Comment 4 Greg Padgett 2015-07-09 23:55:45 UTC

(In reply to Greg Padgett from comment #3)
> [...]
Also note that for reproducing this, the type of disk isn't as important as performing multiple deletions.

Comment 5 Aharon Canan 2015-07-12 11:35:24 UTC

Created attachment 1051099 [details]
Logs01

Comment 6 Aharon Canan 2015-07-12 11:35:44 UTC

Issue reproduced on vt16.1 (rhevm-3.5.4-1.1.el6ev.noarch) using comment #3 steps

screenshot and logs attached.

Comment 7 Greg Padgett 2015-07-16 21:47:23 UTC

(In reply to Aharon Canan from comment #6)
> Issue reproduced on vt16.1 (rhevm-3.5.4-1.1.el6ev.noarch) using comment #3
> steps
> 
> screenshot and logs attached.

Hi Aharon, I see several communication errors (non-responsive host) in the engine log and some storage-related errors in the vdsm log, which leads me to a couple questions:

1) Did the storage come back up as expected after the hosts were up?
2) Did you attempt to remove the snapshot again after the host was back up?

I didn't emphasize it much in the steps to reproduce, but the original issue left the snapshots in a state where subsequent removal after failure was impossible.  There are some cases (this may be one) where the deletion fails, but it /should/ allow you to remove it after a retry--this is the expected behavior.  Knowing more about the test would help determine if this is truly a bug vs an unfortunate but expected failure case.  Thanks.

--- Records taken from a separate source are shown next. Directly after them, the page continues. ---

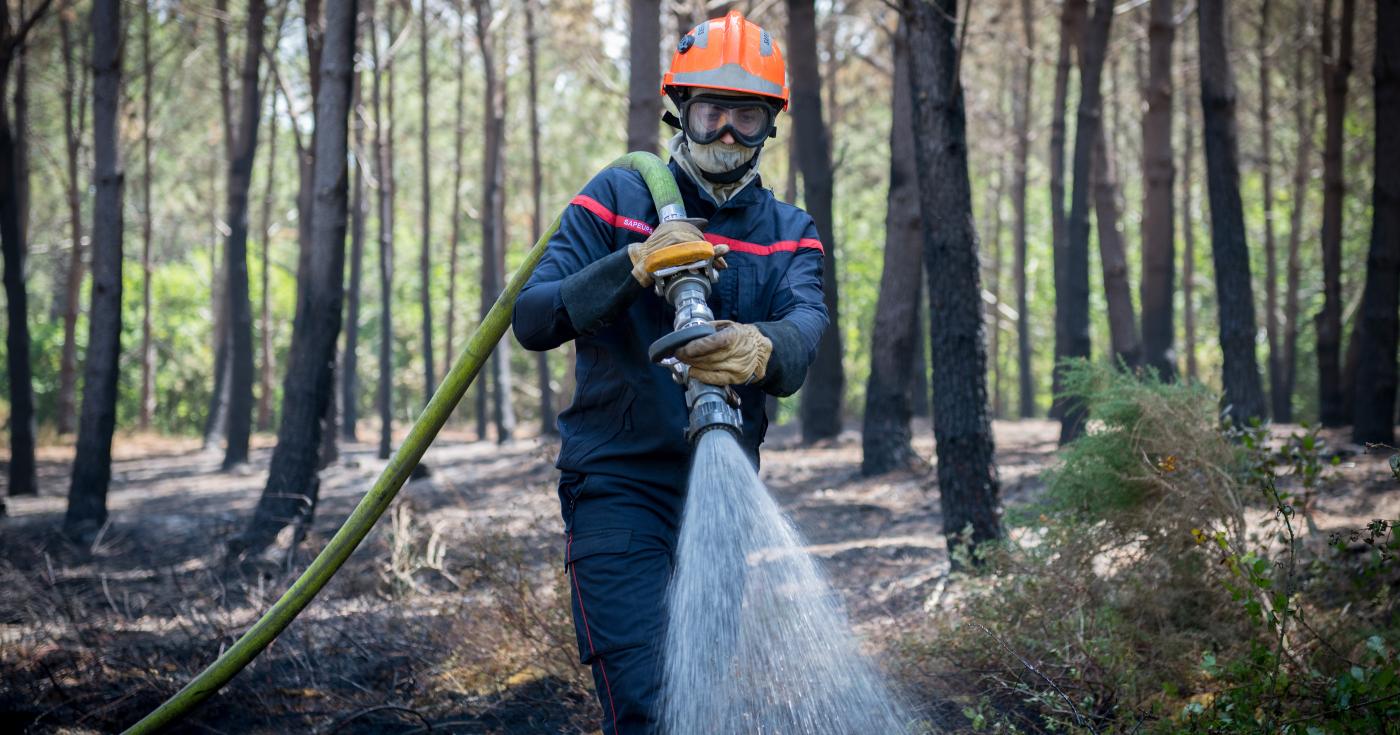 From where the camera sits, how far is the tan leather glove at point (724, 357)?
2.90 metres

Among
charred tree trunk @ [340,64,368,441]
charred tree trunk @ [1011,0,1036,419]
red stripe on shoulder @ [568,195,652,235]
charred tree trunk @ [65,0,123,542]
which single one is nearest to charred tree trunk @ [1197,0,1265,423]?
red stripe on shoulder @ [568,195,652,235]

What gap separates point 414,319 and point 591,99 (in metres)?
13.3

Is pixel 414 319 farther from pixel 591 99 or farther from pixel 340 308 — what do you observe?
pixel 340 308

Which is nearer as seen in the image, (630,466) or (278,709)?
(630,466)

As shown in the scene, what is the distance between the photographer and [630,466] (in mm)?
3279

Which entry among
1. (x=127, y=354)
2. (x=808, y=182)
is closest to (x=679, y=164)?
(x=808, y=182)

Comment 8 Aharon Canan 2015-07-20 14:28:50 UTC

(In reply to Greg Padgett from comment #7)
> (In reply to Aharon Canan from comment #6)
> > Issue reproduced on vt16.1 (rhevm-3.5.4-1.1.el6ev.noarch) using comment #3
> > steps
> > 
> > screenshot and logs attached.
> 
> Hi Aharon, I see several communication errors (non-responsive host) in the
> engine log and some storage-related errors in the vdsm log, which leads me
> to a couple questions:
> 
> 1) Did the storage come back up as expected after the hosts were up?

Yes

> 2) Did you attempt to remove the snapshot again after the host was back up?

Yes

> 
> I didn't emphasize it much in the steps to reproduce, but the original issue
> left the snapshots in a state where subsequent removal after failure was
> impossible.  There are some cases (this may be one) where the deletion
> fails, but it /should/ allow you to remove it after a retry--this is the
> expected behavior.  Knowing more about the test would help determine if this
> is truly a bug vs an unfortunate but expected failure case.  Thanks.

Let me know if you want me to try it again.

Comment 9 Greg Padgett 2015-07-22 15:43:08 UTC

(In reply to Aharon Canan from comment #8)
> (In reply to Greg Padgett from comment #7)
> > 1) Did the storage come back up as expected after the hosts were up?
> Yes
> > 2) Did you attempt to remove the snapshot again after the host was back up?
> Yes
[...]
> Let me know if you want me to try it again.

Thanks, so it sounds like there's a fair chance this is something I haven't seen before but the prior logs didn't quite have enough for me to go on.  It would be great if you could reproduce it and provide:

- steps/details (including # of disks, snapshots, storage type, etc)
- engine log
- host log
- engine db dump; OR point me to the environment where I can poke around a little

That should be enough to get started.

Comment 15 Aharon Canan 2015-08-19 06:53:20 UTC

Following comments #12 and #13, verified.

Comment 16 Eyal Edri 2015-09-06 17:09:31 UTC

RHEV 3.5.4 Released. closing current release.